→ **Saved entries**:
━━━━

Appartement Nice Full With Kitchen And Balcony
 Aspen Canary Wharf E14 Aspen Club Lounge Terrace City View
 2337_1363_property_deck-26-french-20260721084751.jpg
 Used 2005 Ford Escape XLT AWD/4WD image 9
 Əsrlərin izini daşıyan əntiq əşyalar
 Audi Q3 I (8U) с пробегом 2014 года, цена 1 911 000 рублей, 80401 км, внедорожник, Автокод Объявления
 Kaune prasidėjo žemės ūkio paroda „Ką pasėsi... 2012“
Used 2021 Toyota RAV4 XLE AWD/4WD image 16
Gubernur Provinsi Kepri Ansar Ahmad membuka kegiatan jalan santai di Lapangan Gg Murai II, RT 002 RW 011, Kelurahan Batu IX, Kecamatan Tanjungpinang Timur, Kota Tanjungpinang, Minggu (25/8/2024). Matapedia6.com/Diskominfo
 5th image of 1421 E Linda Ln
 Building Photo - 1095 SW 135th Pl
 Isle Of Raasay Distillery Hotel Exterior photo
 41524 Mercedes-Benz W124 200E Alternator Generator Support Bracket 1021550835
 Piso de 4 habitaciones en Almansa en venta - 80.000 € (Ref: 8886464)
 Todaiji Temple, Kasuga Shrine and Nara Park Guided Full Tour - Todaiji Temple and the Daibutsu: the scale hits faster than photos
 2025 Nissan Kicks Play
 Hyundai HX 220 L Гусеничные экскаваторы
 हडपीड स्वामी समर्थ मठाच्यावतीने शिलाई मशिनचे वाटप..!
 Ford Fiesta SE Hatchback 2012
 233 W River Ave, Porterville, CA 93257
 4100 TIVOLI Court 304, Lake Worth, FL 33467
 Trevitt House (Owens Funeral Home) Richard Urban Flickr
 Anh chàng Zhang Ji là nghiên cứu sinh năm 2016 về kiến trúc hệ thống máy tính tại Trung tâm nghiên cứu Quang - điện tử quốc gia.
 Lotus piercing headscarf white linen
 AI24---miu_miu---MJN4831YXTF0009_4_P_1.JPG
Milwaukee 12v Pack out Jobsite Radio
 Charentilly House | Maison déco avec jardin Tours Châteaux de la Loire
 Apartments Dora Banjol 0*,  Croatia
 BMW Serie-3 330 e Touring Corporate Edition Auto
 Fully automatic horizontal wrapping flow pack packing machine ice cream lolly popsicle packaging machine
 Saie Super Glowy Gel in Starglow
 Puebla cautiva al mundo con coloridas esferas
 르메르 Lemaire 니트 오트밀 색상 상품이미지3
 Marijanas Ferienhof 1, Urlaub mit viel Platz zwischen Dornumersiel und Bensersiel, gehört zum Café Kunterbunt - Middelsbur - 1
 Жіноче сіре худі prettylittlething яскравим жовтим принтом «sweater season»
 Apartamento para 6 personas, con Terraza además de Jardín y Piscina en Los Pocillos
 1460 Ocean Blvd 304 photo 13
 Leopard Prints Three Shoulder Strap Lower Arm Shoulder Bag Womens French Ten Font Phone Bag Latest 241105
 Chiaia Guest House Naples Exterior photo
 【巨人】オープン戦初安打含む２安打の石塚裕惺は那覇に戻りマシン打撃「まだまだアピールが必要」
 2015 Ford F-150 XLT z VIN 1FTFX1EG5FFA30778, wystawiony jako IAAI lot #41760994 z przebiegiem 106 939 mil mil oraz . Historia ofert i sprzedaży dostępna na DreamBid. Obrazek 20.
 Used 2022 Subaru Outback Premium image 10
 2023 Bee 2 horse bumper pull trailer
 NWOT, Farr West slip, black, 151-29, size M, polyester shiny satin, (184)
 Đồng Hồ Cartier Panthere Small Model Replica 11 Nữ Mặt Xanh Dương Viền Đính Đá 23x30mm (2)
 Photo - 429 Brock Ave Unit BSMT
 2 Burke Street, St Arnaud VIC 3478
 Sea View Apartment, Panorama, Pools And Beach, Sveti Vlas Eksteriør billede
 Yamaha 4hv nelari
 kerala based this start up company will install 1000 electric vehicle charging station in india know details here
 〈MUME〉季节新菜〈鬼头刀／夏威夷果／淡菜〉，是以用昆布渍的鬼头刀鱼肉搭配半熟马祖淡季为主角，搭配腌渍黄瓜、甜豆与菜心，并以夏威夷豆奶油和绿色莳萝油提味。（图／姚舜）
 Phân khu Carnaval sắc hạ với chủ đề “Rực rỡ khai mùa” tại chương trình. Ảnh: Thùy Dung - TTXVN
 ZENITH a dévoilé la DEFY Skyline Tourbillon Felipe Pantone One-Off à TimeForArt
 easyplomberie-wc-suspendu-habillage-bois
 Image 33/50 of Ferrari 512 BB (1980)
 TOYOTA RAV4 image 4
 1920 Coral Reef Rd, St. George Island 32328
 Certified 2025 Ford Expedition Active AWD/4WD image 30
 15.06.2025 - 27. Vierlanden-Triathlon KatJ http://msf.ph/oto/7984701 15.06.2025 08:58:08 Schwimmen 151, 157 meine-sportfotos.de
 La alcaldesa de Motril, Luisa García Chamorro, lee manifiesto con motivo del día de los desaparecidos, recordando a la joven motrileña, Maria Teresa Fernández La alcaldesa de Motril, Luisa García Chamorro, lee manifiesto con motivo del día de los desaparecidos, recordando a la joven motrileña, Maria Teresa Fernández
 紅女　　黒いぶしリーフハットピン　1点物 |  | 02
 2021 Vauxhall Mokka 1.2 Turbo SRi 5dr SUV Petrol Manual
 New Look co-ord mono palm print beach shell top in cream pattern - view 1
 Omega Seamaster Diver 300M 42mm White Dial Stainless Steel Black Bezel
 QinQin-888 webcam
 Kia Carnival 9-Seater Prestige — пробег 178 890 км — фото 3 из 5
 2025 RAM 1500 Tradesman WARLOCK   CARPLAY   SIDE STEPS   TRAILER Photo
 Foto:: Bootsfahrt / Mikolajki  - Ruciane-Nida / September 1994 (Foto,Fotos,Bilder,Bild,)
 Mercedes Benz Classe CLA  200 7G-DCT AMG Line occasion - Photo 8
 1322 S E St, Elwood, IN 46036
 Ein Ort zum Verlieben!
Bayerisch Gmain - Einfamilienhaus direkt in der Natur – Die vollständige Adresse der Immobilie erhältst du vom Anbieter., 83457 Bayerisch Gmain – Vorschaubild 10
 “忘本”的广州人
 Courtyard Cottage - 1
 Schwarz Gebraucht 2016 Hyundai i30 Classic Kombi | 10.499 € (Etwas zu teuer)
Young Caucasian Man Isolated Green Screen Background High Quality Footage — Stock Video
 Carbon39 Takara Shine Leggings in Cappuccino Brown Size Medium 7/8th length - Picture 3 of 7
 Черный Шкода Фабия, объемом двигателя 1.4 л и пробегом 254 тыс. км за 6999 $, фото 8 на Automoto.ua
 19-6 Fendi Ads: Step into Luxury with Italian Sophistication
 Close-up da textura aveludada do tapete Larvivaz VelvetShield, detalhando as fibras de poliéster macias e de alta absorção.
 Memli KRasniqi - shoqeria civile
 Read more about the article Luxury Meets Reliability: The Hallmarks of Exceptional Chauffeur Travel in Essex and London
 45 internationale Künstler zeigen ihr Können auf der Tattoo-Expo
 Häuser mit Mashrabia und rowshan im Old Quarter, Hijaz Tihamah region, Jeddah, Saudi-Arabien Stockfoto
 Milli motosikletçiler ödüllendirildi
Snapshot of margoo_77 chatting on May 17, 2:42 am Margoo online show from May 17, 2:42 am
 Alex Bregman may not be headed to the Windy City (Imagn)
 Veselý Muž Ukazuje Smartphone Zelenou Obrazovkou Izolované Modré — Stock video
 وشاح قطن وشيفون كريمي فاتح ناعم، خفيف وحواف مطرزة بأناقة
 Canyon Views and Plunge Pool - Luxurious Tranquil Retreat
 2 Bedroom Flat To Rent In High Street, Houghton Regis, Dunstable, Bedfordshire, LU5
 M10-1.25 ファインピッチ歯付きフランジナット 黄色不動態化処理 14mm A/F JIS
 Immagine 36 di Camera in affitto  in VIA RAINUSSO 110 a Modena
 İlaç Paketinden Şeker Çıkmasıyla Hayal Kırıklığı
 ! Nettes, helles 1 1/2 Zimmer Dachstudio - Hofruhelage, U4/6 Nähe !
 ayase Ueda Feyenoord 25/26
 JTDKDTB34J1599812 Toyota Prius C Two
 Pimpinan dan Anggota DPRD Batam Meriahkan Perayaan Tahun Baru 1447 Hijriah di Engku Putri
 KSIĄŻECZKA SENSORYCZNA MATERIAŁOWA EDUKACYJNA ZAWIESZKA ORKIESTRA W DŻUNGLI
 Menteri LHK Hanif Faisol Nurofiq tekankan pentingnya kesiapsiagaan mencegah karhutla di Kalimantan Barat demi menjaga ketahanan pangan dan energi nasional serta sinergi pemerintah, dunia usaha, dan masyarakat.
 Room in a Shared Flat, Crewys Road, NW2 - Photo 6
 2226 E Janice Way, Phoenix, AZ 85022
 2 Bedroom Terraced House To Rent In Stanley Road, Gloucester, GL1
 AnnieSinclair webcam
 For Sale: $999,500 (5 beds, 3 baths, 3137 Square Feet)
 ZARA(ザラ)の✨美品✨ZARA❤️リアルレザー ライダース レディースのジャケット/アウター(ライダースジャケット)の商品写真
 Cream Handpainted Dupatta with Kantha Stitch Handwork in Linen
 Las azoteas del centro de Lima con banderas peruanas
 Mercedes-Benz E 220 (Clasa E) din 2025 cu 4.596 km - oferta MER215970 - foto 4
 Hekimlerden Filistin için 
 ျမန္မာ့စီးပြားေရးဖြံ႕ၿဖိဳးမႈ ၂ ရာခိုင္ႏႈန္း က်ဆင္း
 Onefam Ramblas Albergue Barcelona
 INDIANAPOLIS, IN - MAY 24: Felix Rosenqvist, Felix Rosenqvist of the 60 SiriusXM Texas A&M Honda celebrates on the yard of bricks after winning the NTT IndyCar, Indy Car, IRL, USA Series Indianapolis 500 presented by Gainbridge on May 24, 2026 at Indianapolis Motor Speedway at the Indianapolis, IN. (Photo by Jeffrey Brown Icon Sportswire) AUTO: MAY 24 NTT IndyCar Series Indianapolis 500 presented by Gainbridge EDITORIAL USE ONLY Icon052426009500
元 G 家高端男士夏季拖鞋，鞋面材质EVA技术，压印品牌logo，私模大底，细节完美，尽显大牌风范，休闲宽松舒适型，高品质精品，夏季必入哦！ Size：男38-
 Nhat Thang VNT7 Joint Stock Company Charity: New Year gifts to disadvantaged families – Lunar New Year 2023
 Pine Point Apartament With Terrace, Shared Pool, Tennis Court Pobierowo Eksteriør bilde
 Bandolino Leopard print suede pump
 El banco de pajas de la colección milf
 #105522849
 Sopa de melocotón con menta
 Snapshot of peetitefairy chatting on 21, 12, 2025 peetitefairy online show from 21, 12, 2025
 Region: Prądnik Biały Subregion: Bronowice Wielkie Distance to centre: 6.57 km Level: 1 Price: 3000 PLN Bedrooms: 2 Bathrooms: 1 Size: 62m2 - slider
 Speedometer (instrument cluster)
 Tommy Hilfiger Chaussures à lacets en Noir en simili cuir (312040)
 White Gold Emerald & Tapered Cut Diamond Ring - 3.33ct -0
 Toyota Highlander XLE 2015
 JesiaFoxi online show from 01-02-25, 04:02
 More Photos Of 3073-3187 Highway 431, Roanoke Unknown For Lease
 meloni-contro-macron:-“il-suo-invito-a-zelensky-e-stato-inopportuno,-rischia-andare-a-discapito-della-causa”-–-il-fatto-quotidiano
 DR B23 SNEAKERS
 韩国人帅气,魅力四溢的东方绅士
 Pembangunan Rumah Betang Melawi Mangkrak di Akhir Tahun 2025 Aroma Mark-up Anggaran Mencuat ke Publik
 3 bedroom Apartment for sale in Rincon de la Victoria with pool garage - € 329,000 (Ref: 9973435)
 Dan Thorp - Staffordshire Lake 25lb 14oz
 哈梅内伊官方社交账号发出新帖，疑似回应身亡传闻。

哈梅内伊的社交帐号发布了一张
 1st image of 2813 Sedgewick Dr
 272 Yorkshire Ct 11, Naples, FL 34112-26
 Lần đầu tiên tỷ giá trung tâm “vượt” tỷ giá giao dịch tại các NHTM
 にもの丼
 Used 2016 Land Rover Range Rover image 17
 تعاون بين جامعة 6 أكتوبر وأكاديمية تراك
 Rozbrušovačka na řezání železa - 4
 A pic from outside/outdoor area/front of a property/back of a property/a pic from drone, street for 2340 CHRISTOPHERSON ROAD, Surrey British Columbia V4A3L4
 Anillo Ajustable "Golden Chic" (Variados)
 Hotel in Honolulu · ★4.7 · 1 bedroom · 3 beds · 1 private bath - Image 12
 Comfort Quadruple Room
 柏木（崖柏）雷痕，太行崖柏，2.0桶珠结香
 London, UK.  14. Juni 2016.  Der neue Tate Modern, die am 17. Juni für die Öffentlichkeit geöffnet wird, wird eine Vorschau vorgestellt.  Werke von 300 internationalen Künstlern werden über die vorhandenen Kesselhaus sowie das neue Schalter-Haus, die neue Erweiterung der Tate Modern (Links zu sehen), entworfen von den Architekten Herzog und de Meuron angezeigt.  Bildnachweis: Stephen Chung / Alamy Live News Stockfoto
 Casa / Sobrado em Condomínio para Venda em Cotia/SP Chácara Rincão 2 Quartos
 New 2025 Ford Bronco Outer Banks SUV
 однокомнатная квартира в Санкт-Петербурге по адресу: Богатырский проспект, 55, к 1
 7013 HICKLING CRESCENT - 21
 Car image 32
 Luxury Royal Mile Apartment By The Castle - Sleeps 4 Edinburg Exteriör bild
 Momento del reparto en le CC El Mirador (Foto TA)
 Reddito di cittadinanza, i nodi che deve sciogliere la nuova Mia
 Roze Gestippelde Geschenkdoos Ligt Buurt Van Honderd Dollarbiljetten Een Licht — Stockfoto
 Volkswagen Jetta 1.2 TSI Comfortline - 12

━━━━

→ **Work task**:
From the first line of the data above through the line containing "Used 2021 Toyota RAV4 XLE AWD/4WD image 16", repeat each line exactly, and add nothing.

→ **Answer area**:
Appartement Nice Full With Kitchen And Balcony
 Aspen Canary Wharf E14 Aspen Club Lounge Terrace City View
 2337_1363_property_deck-26-french-20260721084751.jpg
 Used 2005 Ford Escape XLT AWD/4WD image 9
 Əsrlərin izini daşıyan əntiq əşyalar
 Audi Q3 I (8U) с пробегом 2014 года, цена 1 911 000 рублей, 80401 км, внедорожник, Автокод Объявления
 Kaune prasidėjo žemės ūkio paroda „Ką pasėsi... 2012“
Used 2021 Toyota RAV4 XLE AWD/4WD image 16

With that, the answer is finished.